> Problem description: For the records below, output word for word the lines from the one with "للبيع طاولة طعام خشب مع 6 كراسي بحالة ممتازة" up to and including the one with "Old Navy dress. Maroon. Medium.". No pictures.

> Given records:
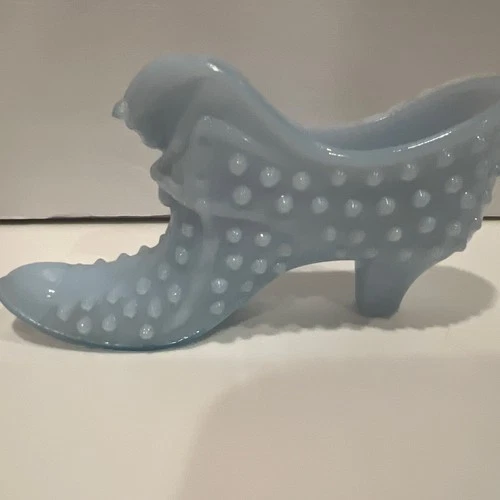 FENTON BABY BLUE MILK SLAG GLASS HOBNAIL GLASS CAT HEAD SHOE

==

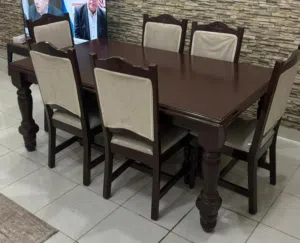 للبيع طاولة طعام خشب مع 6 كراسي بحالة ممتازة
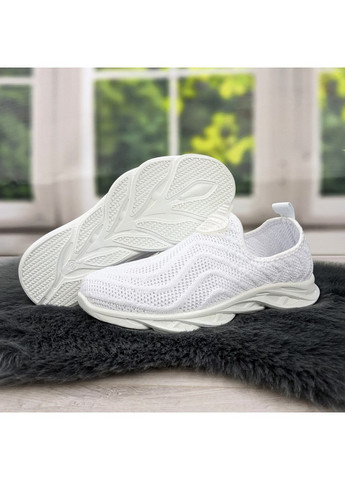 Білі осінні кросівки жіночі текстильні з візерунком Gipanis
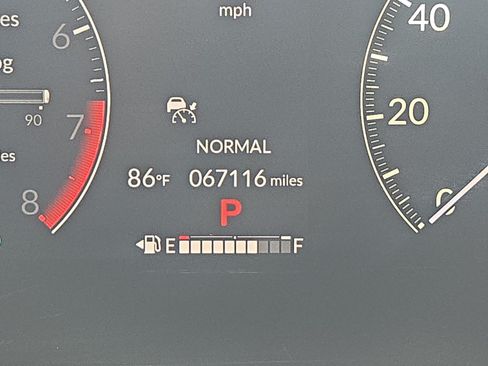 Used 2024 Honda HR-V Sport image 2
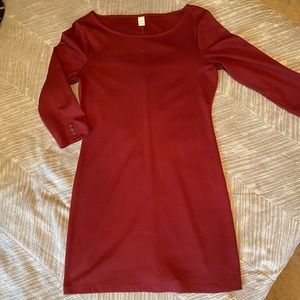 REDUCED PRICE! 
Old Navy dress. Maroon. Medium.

> Solution to this exercise:
 للبيع طاولة طعام خشب مع 6 كراسي بحالة ممتازة
 Білі осінні кросівки жіночі текстильні з візерунком Gipanis
 Used 2024 Honda HR-V Sport image 2
 REDUCED PRICE! 
Old Navy dress. Maroon. Medium.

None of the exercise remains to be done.